November 19, 2014

Regents Daily News:
November 19, 2014

Protection and Presumption

Over the years I have discerned many motivations that parents have for sending their children to Regents Academy. One of the most common, it seems, is insuring that children are in a safe place, a place of protection from things in the world that parents perceive as harmful influences. Now, some folks may accuse these parents of attempting to “shelter” their children. When I hear that criticism, I like to repeat something I heard a conference speaker say once: “You’re accusing me of sheltering my children? What are you going to accuse me of next – feeding and clothing them?!”

It is the duty of parents to protect their children, to the extent that they are able, from harm and from evil influences. And it is a comforting thought for parents to know that they are leaving their children in a safe, nurturing, structured environment at Regents Academy where teachers actively seek to shepherd and care for their children.

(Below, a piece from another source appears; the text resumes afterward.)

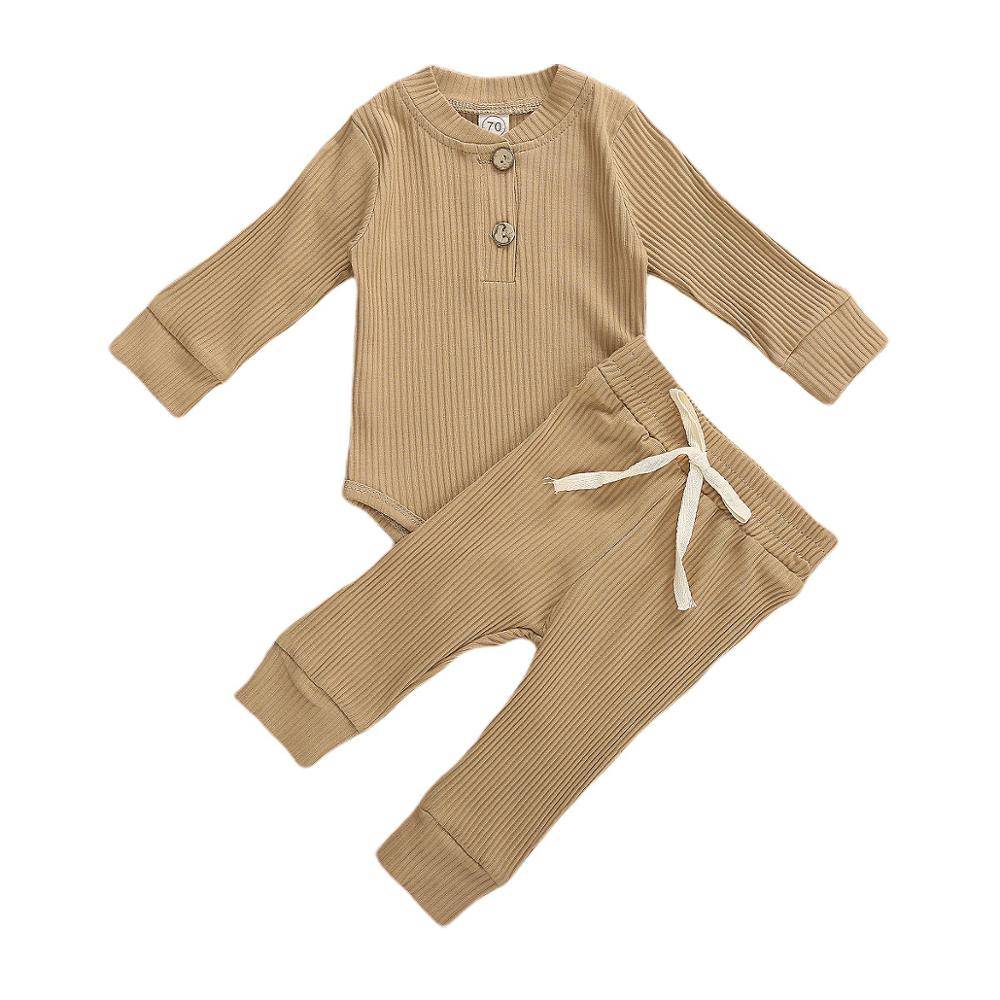 Baby Solid Clothes Long Sleeve Romper and Pants Set Clothing & Apparel Mother & Kids cb5feb1b7314637725a2e7: Blue|Coffee|Gray|Green|Red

However, the three primary enemies of the Christian are, unfortunately, present and active at our school – the world, the flesh, and the devil show up anywhere sinful people gather. And it would be presumptuous of parents to believe otherwise. We, as Christian parents, should be ever-watchful. Enrolling our children in a Christian school is not a guarantee that the Bible will automatically be the dominant influence in our children’s lives or that the draw of the culture won’t overwhelm their hearts. Likewise, Christian school administrators and teachers must not assume that since we have the word “Christian” in our school’s mission statement, Christian teachers in our classrooms, and Bibles in our students’ lockers, our influence is a given. The watchwords are diligence, trust, and vigilance.

So, with these things in mind, I share some more words of caution from an article by classical educator Brian Douglas, who wrote in First Things about five temptations for classical Christian schools. Here are two final temptations that call for vigilance and wisdom.

The fourth temptation is to neglect the Word of God. Although it may sound counter-intuitive, classical Christian schools need to integrate the Bible into our entire curriculum. Some in these education circles criticize other Christian schools for having what amounts to a secular curriculum with a Bible class on the side. The complaint is that this approach functionally teaches a secular-sacred divide that undermines real Christian faith and practice.

While this complaint has merit in many cases, we need to take care lest our schools fall into the same pit. Unless we carefully integrate biblical education throughout the entire curriculum, across every subject and grade, it would be very easy for our graduates to know more about Achilles and Dante than Abraham and David. The Word of God is our source for God’s wisdom; without it we only have the wisdom of man.

The final temptation is to assume that a classical Christian school will automatically influence a student more than the broader culture. We should pay careful attention to our students’ long-term goals, for they most clearly reveal the depth of the culture’s influence. Students tend toward materialistic goals because that is what they learn from the culture around them. Overcoming the intrusion of materialism into our schools is probably the biggest obstacle a Christian educator faces.

Students are humans, and humans are perpetual factories of idols. Every student brings some variety of idolatry into the classroom. The most common and most subversive idols are divine gifts that become valued above God himself: intelligence, finances, skills, moral goodness, even a good Christian education.

Although this kind of culture conflict is a problem for Christian education of every variety, it might be a more striking problem in classical schools because of the expectation that our graduates will be uniquely equipped to stand against the world and change the culture. That said, classical Christian education is perhaps also uniquely capable of addressing the conflict because it defines education in terms of the health of a student’s soul rather than the strength of a student’s skills.

The primary job of every Christian educator, regardless of grade level or subject matter, is to shape the heart. We should begin by warning students about the subtleties of pride in both its forms, arrogance and despair. We must teach them to think less of their own abilities and more of God’s. It will be difficult, but it is even more central to the goals of classical Christian teaching than the Trivium or the Great Books. The only way we can accomplish our task as educators is to demonstrate with our own lives that a truly successful life is one in which God is glorified for His faithfulness and love regardless of our personal performance.